Councillor Wayne Moultrie asked whether Mr Morris had any idea of the consequences if the procurement process with Meerkat were cancelled.
Mr Morris said the council should not waste money doing something the community did not want.
Quizzed by Mayor Stuart Crosby over how some residents had confused the test with the Papamoa Fire Brigade siren, Mr Morris said the brigade siren went up and down three times and stopped but evacuation warning sirens would go for 10 minutes.
"It worries me that we wake up all of Papamoa to alert six volunteer fire fighters."
Pressure came on from some councillors for the council to change direction away from the preferred tenderer, Meerkat.
City services manager Ian McDonald said the council had approved stage one of the tender process which was the consenting process and working up a design with final costings.
Councillor Larry Baldock asked if the report that came back once the stage one process was done would enable the council to look at a change of direction and the risks.
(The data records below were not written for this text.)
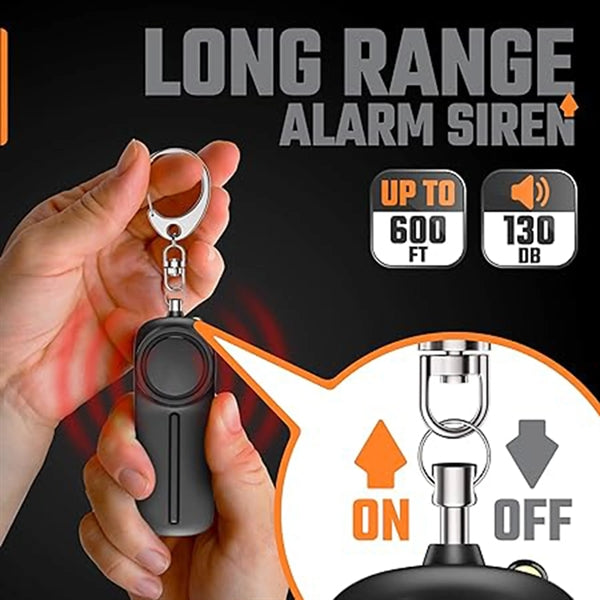 Safety Siren Keychain Loud Alarm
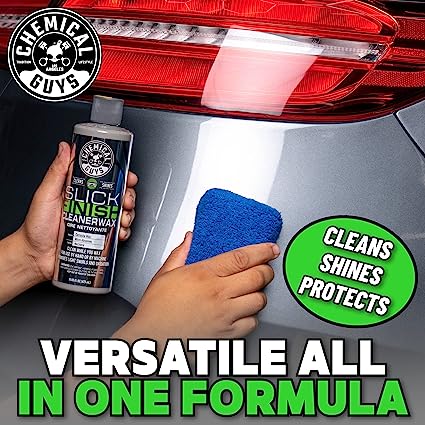 Chemical Guys Slick Finish Cleaner Wax 16oz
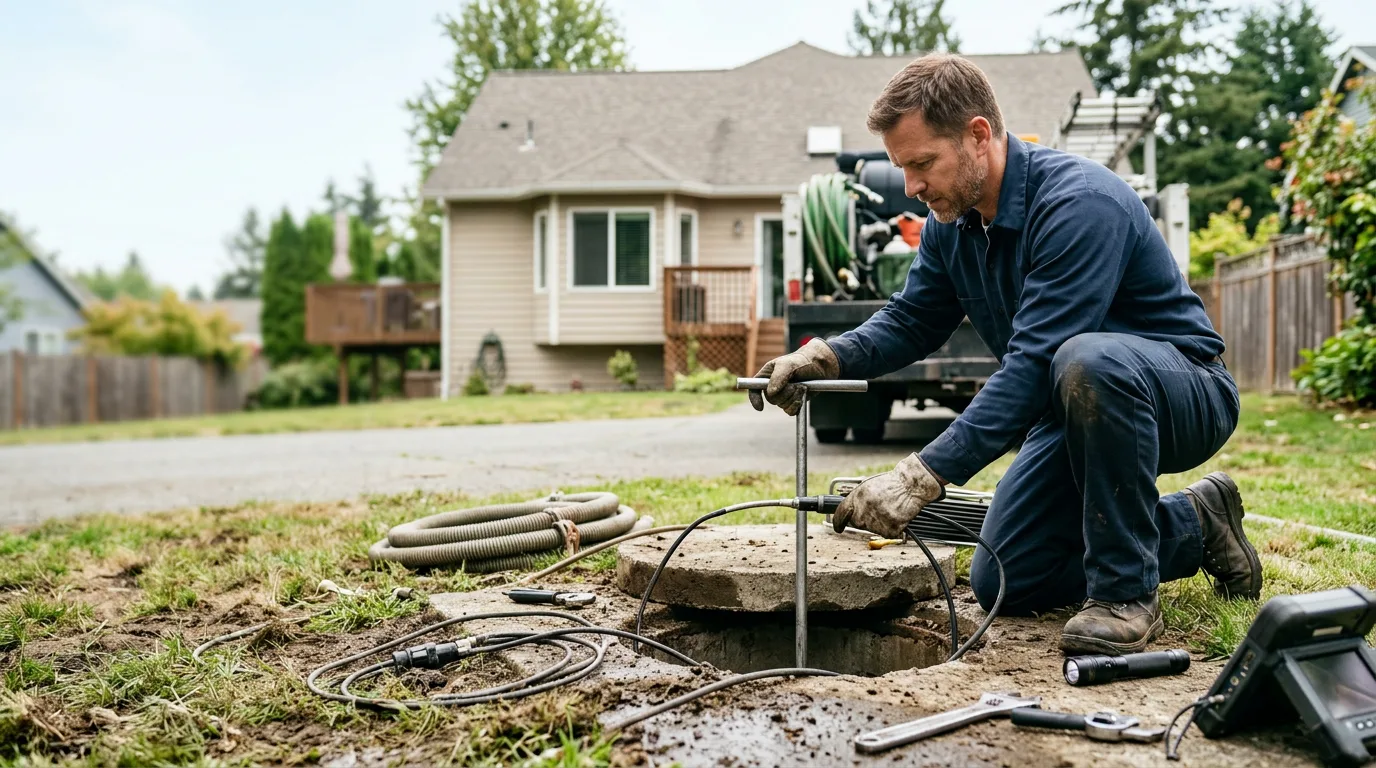 Septic Tank Pumping in Homeland, FL
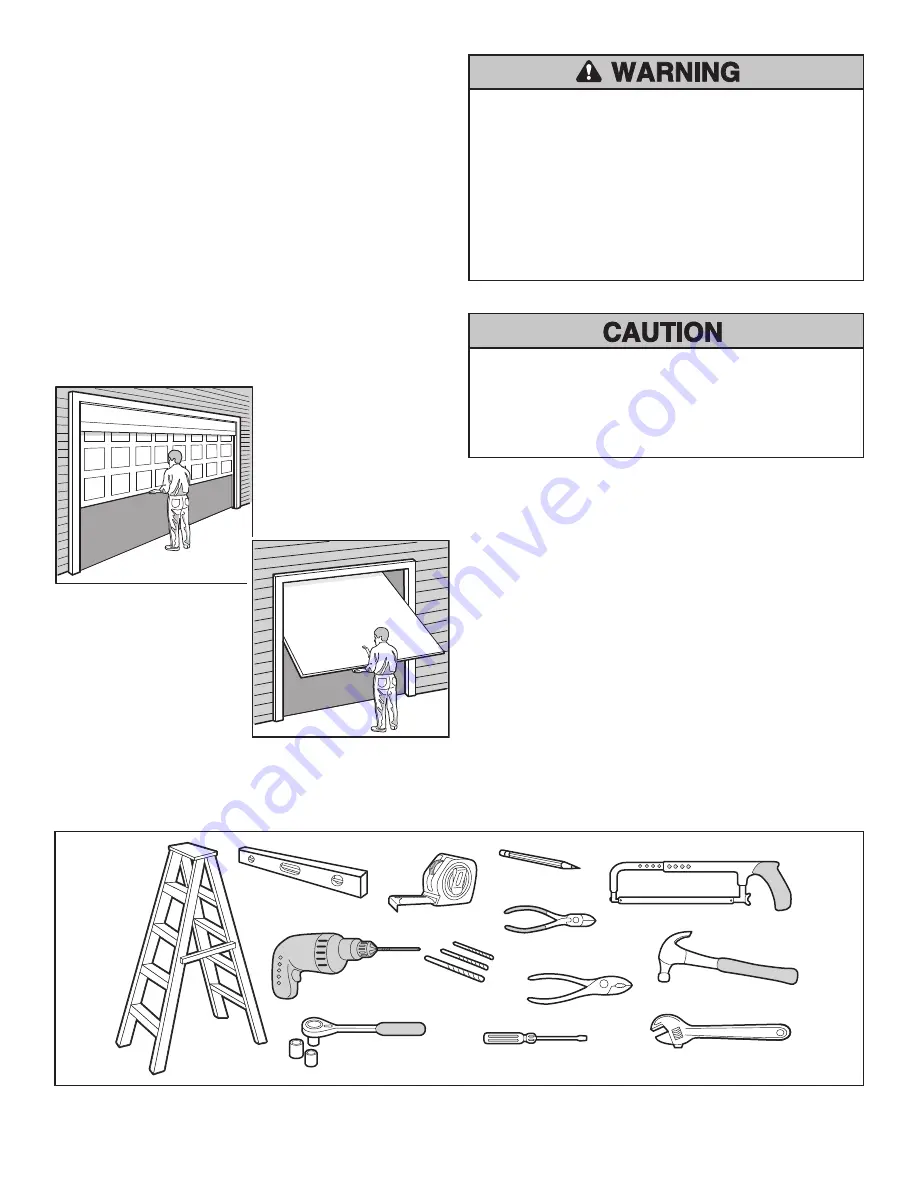 Craftsman 139.18310D Owner'S Manualanual Download Page 3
Mr McDonald said the report would allow the council to have a "robust discussion".
He said the commitment to Meerkat was only for stage one.
Asked by Councillor Murray Guy if there was any legal commitment beyond the first stage, Mr McDonald said he would have to come back with a written report.
Councillor David Stewart wanted a paper that addressed the claims that were being made by the association.
Mr McDonald said the report needed to give a complete picture rather than half a picture or else the council would end up procrastinating.
Councillor Bill Grainger asked whether they would run a test again, whatever siren was chosen. Mr Crosby said that would form part of a comprehensive report that would come back sooner rather than later.